Where in the legislative platform is the request that Compensation Board funding — which funds the offices of the sheriff, commonwealth’s attorney, clerk of the court, treasurer, and commissioner of revenue — not be cut? Where is the request for full-funding of offices that the Compensation Board states are understaffed according to their own standards?

According to the state’s own guidelines, the Caroline County Commonwealth’s Attorney’s Office should be getting additional funding for a full-time position for FY10 (while simultaneously being ranked as most in need) (PDF). The Clerk of the Court’s Office should getting an additional position (PDF). The Treasurer’s Office? Two positions (PDF). Commissioner of Revenue? Two positions (PDF).

The most egregious of these are the Commonwealth’s Attorney’s Office and the Clerk of the Court’s Office. Last year, the Board of Supervisors in its infinite wisdom decide that money should be given to Big Brothers, Big Sisters because a child might be saved (“Won’t someone please think of the children?!”). Seriously, someone (Floyd Thomas) said that. They did all this while refusing to funding an additional position in the Commonwealth’s Attorney’s Office. You know, that office that actually prosecutes the people who harm the county’s children and who may in the future harm the county’s children?
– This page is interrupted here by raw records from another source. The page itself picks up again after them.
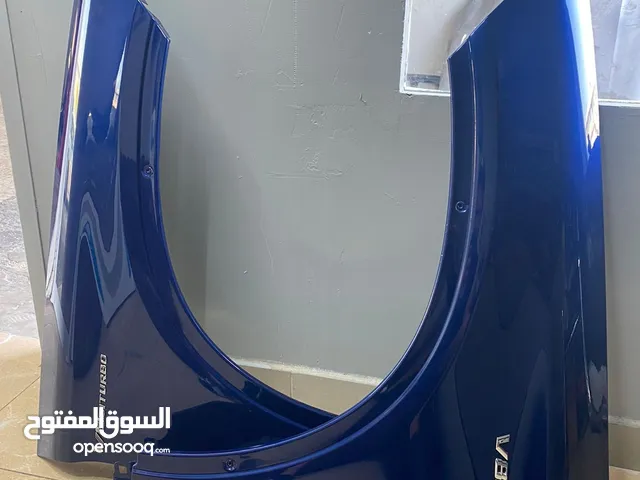 رفارف مرسيدس GLE2019
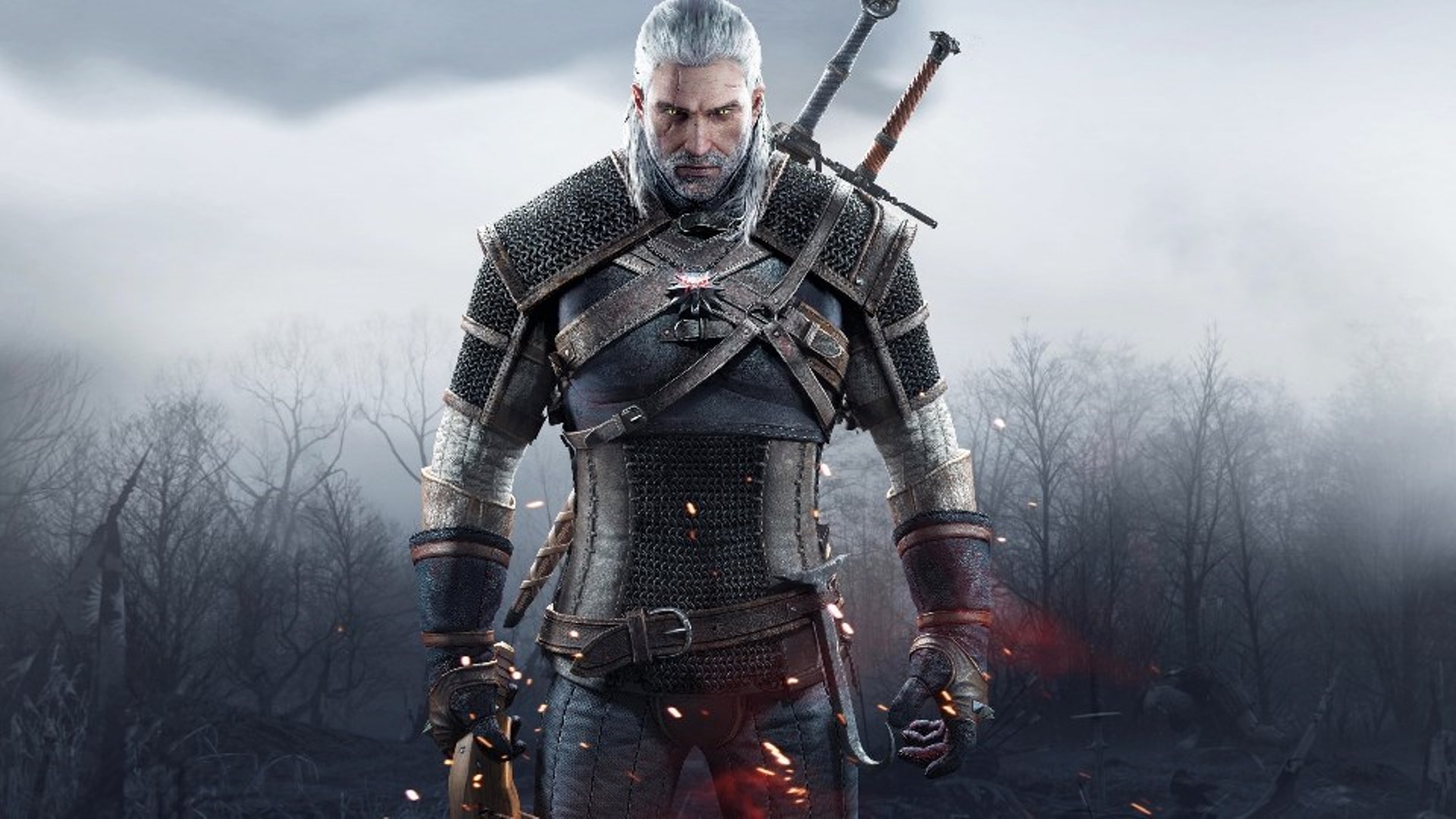 Witcher 3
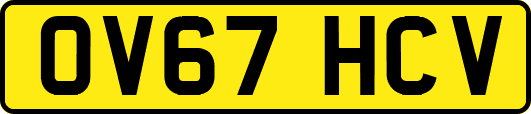 OV67HCV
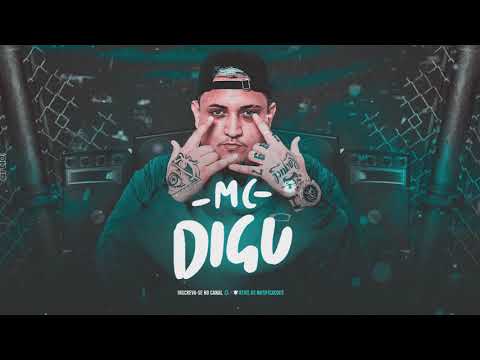 TAVA COM FRIO TOMOU, TAVA COM CALOR TOMOU TOMOU - MC Digu (DJ PBEAT Dj BRAGA )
And meanwhile in the Clerk of the Court’s Office, the clerk (Ray Campbell) decided, starting July 1, 2009, that they would no longer prepare sentencing reports for the judge. In doing so, the clerk’s office became only the second office in the state to not prepare sentencing reports alongside the city of Richmond.

Because the presiding judge went to the Board of Supervisors stating that they could be sued if they didn’t give him money to hire a clerk (separate of the clerk’s office) to prepare the sentencing reports and because he absolutely had to have the money right then (!!!), the BOS decided to add a full-time clerk’s position (costing $22,000+) on top of a budget that had absolutely zero money to spare.
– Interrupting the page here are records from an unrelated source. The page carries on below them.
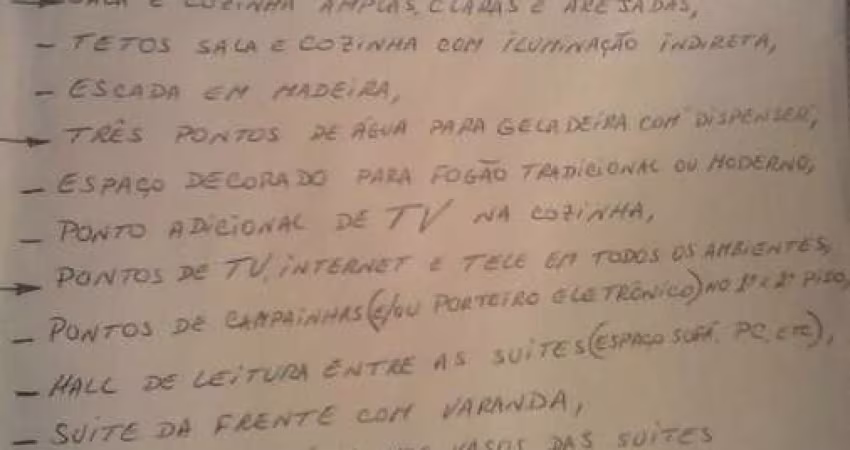 Casa Duplex para Venda em Rio das Ostras, JARDIM BELA VISTA, 2 dormitórios, 2 suítes, 3 banheiros, 1 vaga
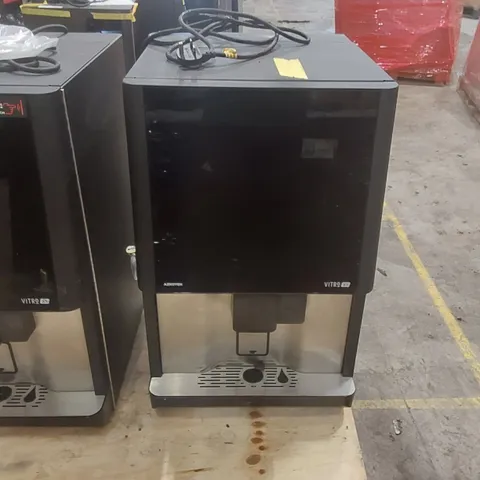 AZKOYEN VITRO COMMERCIAL COFFEE MACHINE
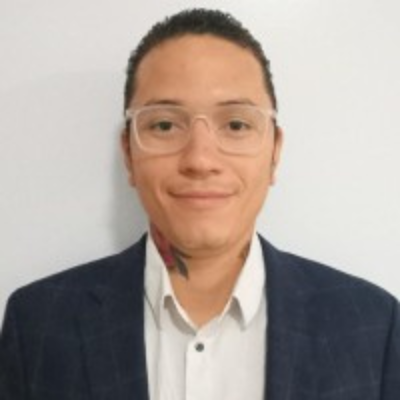 Raul Gamero - French Full Stack Developer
All this while the county believes that Fredericksburg’s police force is a pressing issue on the county’s legislative platform.
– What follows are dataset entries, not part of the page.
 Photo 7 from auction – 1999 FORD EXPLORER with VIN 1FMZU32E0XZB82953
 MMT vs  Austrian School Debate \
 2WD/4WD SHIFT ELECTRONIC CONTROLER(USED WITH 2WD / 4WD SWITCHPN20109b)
And then we turn to the composite index issues. The composite index is a complicated formula that the Virginia Department of Education uses to determine how much money each jurisdiction should get using several figures, including assessed real-estate values.  The higher the determined value for each county, the more able those counties are supposed to be to fund their school system. In addition, the higher the composite index value, the more money that the jurisdiction has to provide to the system if they want the state’s money.

For years, Caroline County’s composite index has been higher (therefore, we are supposed to be able to fund our schools) than our neighboring counties Spotsylvania and Stafford. That’s right, Caroline is be able to pay for schools than Spotsy and Stafford. While in this biennium (2010–2012) Spotsylvania’s composite index is no long lower than Caroline’s, Stafford’s still is. Caroline’s composite index is .3580, Stafford’s is .3362 (Spotsylvania is at .3594) (PDF).

So, where is this address in the proposed legislative platform? Well, of course, it isn’t. After all, neither Spotsy nor Stafford would be too supportive of a platform that resulted in less money going to themselves.

But the Caroline County Board of Supervisors isn’t Spotsy nor Stafford. Why don’t they tell the Virginia Association of Counties Region 7 to take a hike? Why don’t they worked with places like Lancaster County (composite index of .8000 [Ibid] while half of their school kids are on free or reduced price lunch) to put pressure on the folks in the General Assembly to actually get something done?

Caroline County has three Delegates (one of whom lives in the county) and a State Senator representing their interests (allegedly) in the General Assembly. And Caroline County can not come up with a list of pressing issues without the help of the folks in Spotsy and Stafford? The board nor county staff can’t spend thirty minutes sitting down to identify these issues that are affecting the county and propose a solution to fix them?

Heck, if I can do in less that 30 minutes, they should be able to.